Fingo di guardare fuori e mi metto persino a fischiettare. L’autostrada è quasi deserta. Posso permettermelo. Lascio parlare la radio. Lascio correre la fantasia. Mi sto torturando immaginando chissà cosa: la mano di lui sotto la maglia di lei, la carezza che diventa un palpeggio, la sua mano che le stringe la tetta, il suo cazzo inturgidirsi, crescere e premere sulla cerniera… lei che se ne accorge.
Devo calmarmi. All’autogrill sul Po metto la freccia e mi fermo.
Volete qualcosa? Vado a farmi un caffè.
No, vai pure – mi dice Giulio – Claudia secondo me dorme… non voglio svegliarla.
Lei non dice nulla.
Chi tace acconsente.
Io scendo ed entro nella stazione di servizio.
Ordino un caffè e intanto cerco di controllare l’auto, attraverso le vetrate. Il gioco di luci non mi permette di vedere niente.
Esco deluso. Chissà cosa avrei voluto intuire da là dentro. Magari la nuca di mia moglie salire e scendere?
Rientro in auto.
Eccomi qua. Claudia dorme ancora?
Sì – mi dice lui.
Riparto.
Prima butto un’occhiata dietro.
Claudia sembra addormentata. Ha sistemato un maglione di riserva sulle gambe di lui. Lo usa come guanciale insieme alle mani. Ma le mani sono esattamente sopra l’uccello di Giulio, non ci vuole un anatomista per capirlo.

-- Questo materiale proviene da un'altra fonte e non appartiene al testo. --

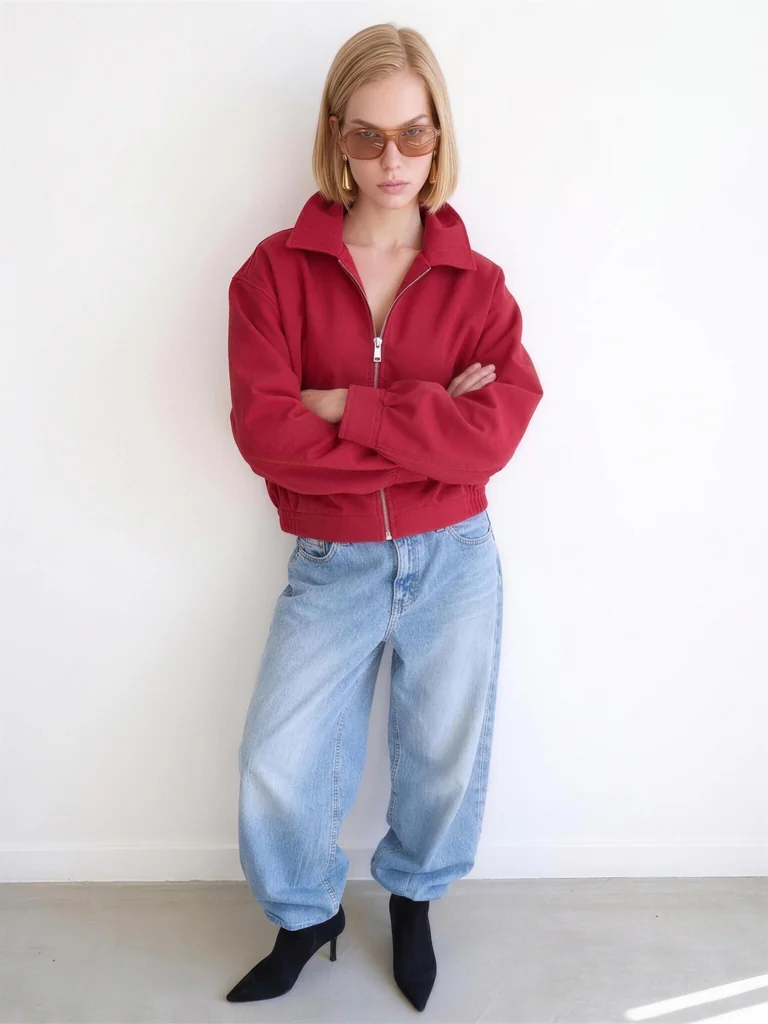 BARREL-LEG DENIM TROUSERS — WASHED BLUE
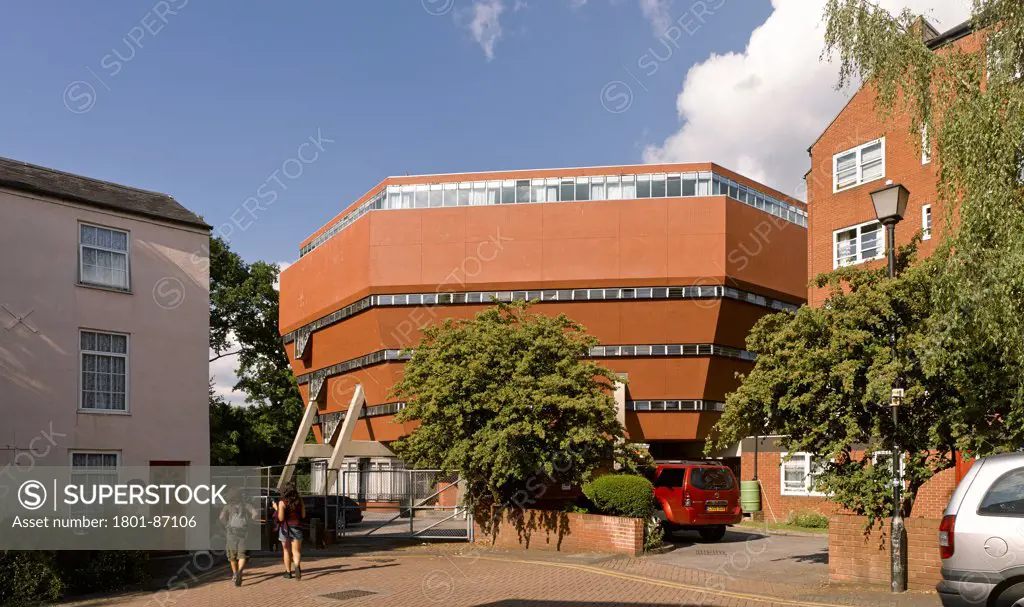 The Florey Building, Oxford, United Kingdom. Architect Sir James Stirling, 1971. Rear elevation.
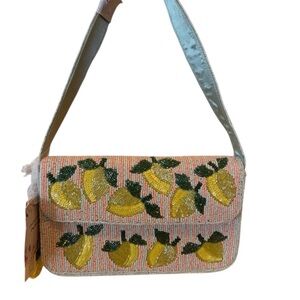 Lemon Beaded Shoulder Bag with Pink and Green Stripes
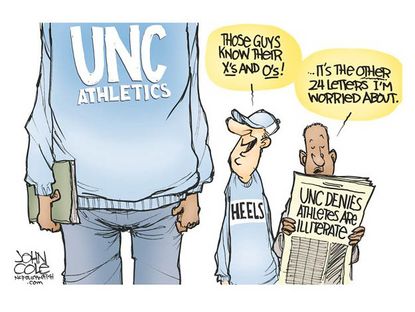 Editorial cartoon UNC athletes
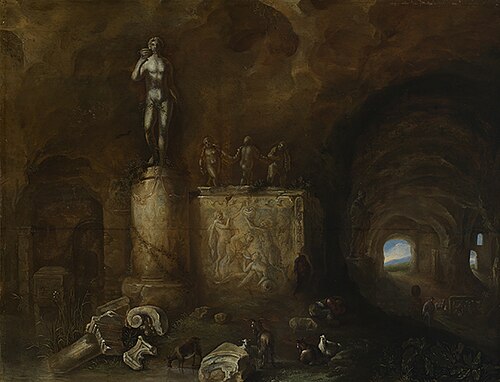 Inside of a cave with sculptures and sleeping shepherds, 1647, Abraham van Cuylenborch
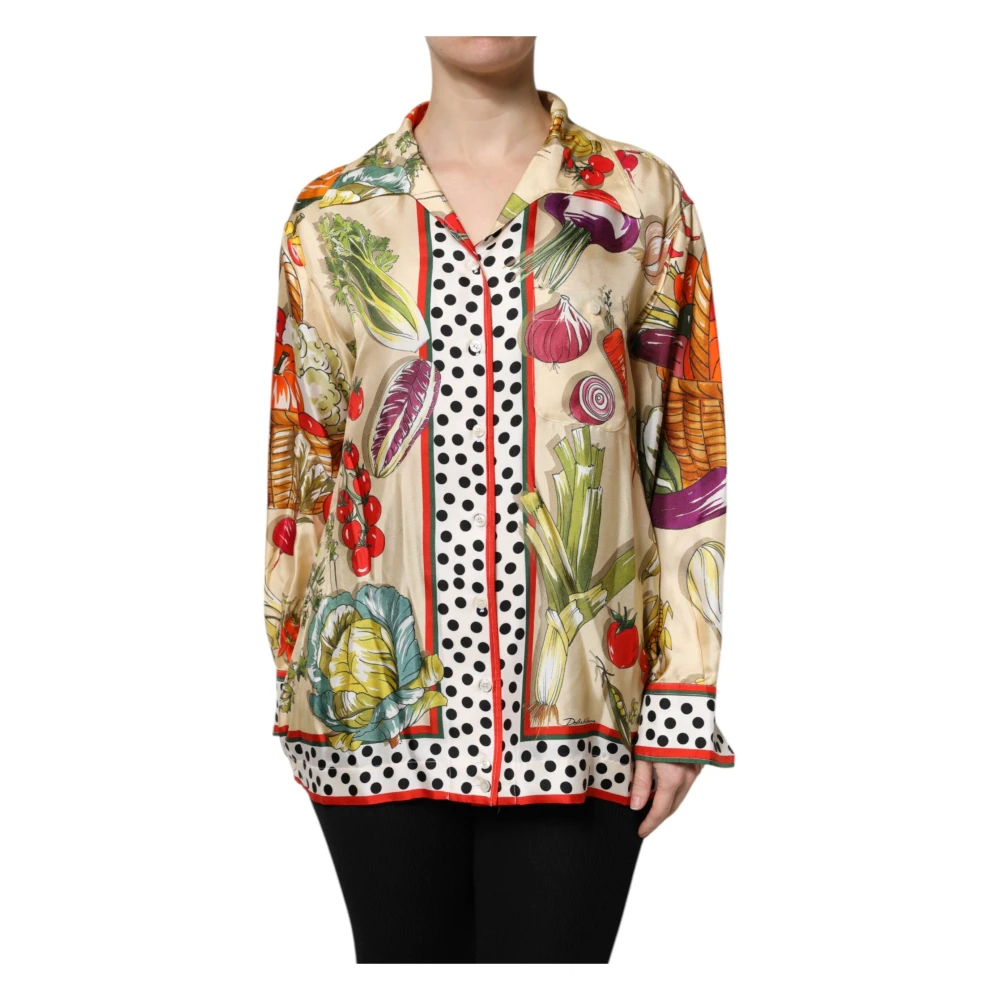 Gemusterte Seidenbluse Mit Gemüseprint Eu Größe 36 / Uk Größe 8 - Bild 3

Fingo di non avere visto e mi rimetto alla guida.
Ripartiamo e, come già negli ultimi chilometri, nessuno parla. Noto di sfuggita il volto di Giulio che guarda fuori. Intuisco ogni tanto qualche movimento di Claudia. Nel sonno? Cerco di capire se la mano di lui è sempre sotto al cappotto… sì, intuisco che la sta accarezzando ma non capisco in che modo e dove.

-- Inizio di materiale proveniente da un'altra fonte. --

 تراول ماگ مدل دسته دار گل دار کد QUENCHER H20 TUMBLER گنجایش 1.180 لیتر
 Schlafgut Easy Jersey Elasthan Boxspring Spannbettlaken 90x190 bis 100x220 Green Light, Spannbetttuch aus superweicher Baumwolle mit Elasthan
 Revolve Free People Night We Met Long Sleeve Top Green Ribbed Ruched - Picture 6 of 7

Intanto ci avviciniamo a casa.
Siamo ormai al casello. E di lì a breve siamo sotto casa di Giulio. Accosto. Claudia si tira su, Giulio si sistema. Io faccio in modo di non guardare negli specchietti. Esco dall’auto per sgranchirmi e prendere un po’ d’aria.
Esce anche Giulio.
Si sta allacciando il cappotto.
Non posso fare a meno di cercare con lo sguarda la patta dei suoi pantaloni. E’ dannatamente aperta. O semiaperta. Di sicuro non è chiusa come lo era quando è salito in macchina.

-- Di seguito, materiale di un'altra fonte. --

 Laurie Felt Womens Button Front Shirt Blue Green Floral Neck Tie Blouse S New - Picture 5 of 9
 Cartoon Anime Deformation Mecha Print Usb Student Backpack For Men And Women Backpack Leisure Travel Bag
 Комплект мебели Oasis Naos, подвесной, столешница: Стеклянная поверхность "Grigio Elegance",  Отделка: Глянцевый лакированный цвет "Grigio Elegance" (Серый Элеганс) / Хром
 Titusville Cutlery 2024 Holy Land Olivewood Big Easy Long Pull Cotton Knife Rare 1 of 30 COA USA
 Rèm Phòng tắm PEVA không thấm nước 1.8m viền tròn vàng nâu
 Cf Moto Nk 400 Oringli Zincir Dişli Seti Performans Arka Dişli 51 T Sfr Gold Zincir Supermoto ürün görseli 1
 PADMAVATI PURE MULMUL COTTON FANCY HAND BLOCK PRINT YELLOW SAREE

Ci salutiamo al freddo di quella quasi alba incerta. Mi sorride e mi ringrazia.
Salgo in auto e riparto. Claudia è rimasta dietro.
Nessuno dei due dice una parola.
Neppure arrivati a casa. Semplicemente un mio: Arrivati. Andiamo a letto.
Prima di infilarsi nel letto va in bagno. Ne esce di lì a poco. Mi allunga l’ovetto.
Somaro!
Sei arrabbiata?
Un po’.
Non ti è piacciuto?
Un po’.
Poi mi bacia. E mi sussurra.
Non mi sono lavata i denti apposta… non senti niente di strano?